Perhaps this alarming trend toward punishment at all costs is sparked by our inability to eliminate or vastly reduce drug sales and use. Perhaps this frustration causes us to strike out in anger. We seem to get some sort of satisfaction in knowing that, even though the behavior has not ceased, some of the perpetrators are suffering.

But our war on drugs is destroying far more lives than the drugs themselves do. Families are destroyed as a result of parents being sent to prison for drug possession. Almost two million American children have one or both parents in prison. Parents doing prison time for drug possession don’t generally make good parents. They’re not there. Kids grow up in broken homes, look for easy money, get into trouble with the law. Children grow up neglected at home and roaming desolate neighborhoods only to resort to crime to survive.

Houses are destroyed in the course of drug raids. Countless inner-city homes now sit, abandoned, because of the damage caused by narcotics officers and SWAT teams as they carried out a drug raid. These houses often drop off the tax roles and become host to squatters and addicts until they burn down or are torn down by the city. Entire neighborhoods, even entire cities are destroyed by this breaking up of families and houses. All this destruction and the drugs are still there, cheaper, purer, and more available then ever. Needless to say, these neighborhoods become breeding grounds for criminals.

Perhaps we see these problems as insoluble. Perhaps, after generations of our nation’s leaders telling us to do what they say and we’ll win the war on drugs, we’re resigned to it. “Nothing has worked,” we’re told, “We need to get tougher.” But we’ve have only tried this one approach - prohibition — and that, as we should have learned when we prohibited alcohol, only brings violence. Alcohol prohibition was not repealed because Americans suddenly decided they wanted to drink. It was repealed because of the dramatic increases in crime and violence so obviously tied to it. With its repeal, repealed crime dropped steadily until the start of our current drug war, when it began rising rapidly.

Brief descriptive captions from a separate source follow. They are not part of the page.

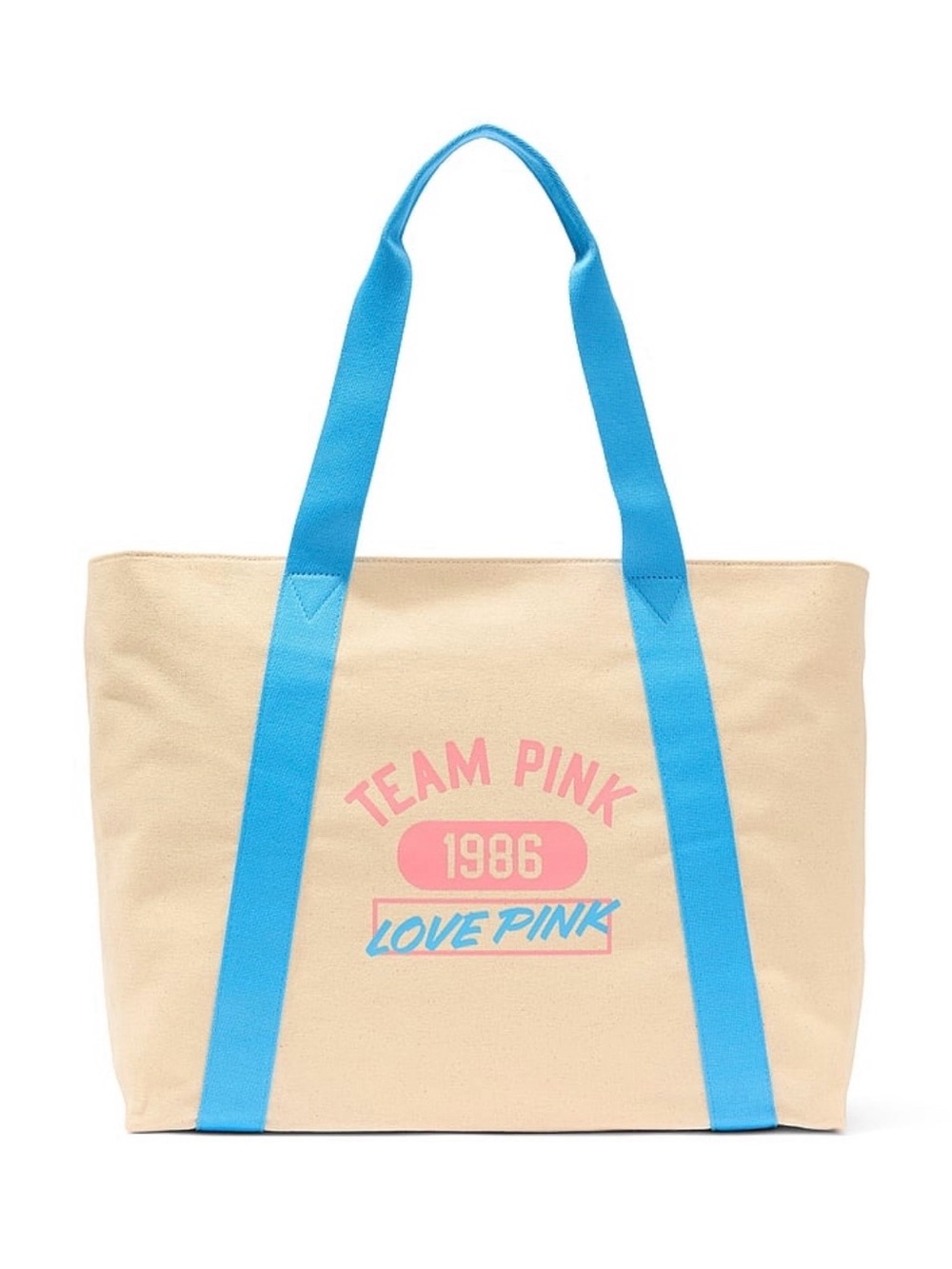 New Blue Cream Team Pink Victoria’s Secret Canvas Tote Bag Purse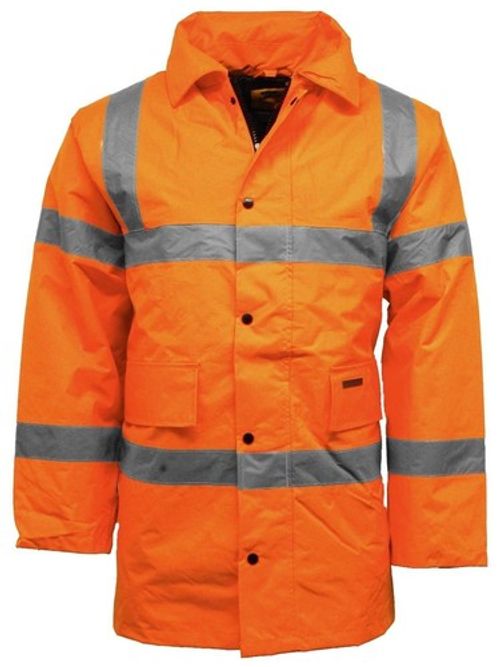 Men's Hi Vis Waterproof Safety Work Jacket Coat 100% Polyester Reflective Parka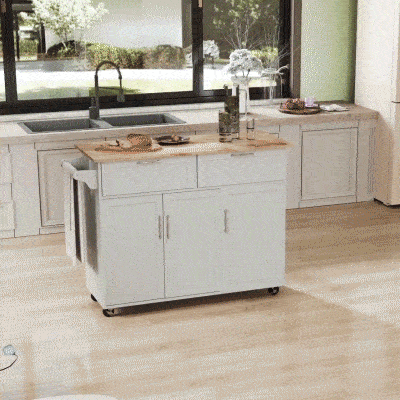 HOMCOM Rolling Kitchen Island, Kitchen Cart on Wheels with 2 Storage Drawers, 3 Door Cabinets and Towel Rack for Dining Room (White, 3-Doors)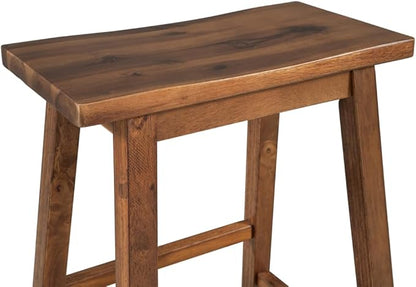 Farmhouse Rustic 2-Piece Counter Height Wood Kitchen Dining Stools for Small Places, Walnut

To change our course will be difficult. It involves admitting we made a mistake, something that’s very hard for human beings to do. It’s easier to continue doing what we’ve always done. To point fingers at others, and say that “THEY” are causing the problem. That “THEY” cause all the crime. That “THEY use drugs. And so “THEY” must be punished.

There is a blood-lust in America today. A desire to punish those who offend, no matter what the cost. Punishment, not safety, seems to be our goal.  But do traffic police sneaking around in unmarked cars really make our streets safer? Do police scanning houses from the air with heat sensors to detect marijuana growers really make our neighborhoods safer?

Over 170 years ago, Sir Robert Peel, the founder of modern policing, said “the test of police efficiency is the absence of crime and disorder, and not  the visible evidence of police action in dealing with them.”

Peel’s lesson is lost on us today, as police departments, district attorneys and politicians brag about soaring arrest statistics and conviction rates, and foster a climate of violence.

A nice, visible police force deters crime. A marked police car parked under a streetlight slows traffic. A friendly uniformed cop walking the beat ensures orderly streets. Isn’t that what we really want?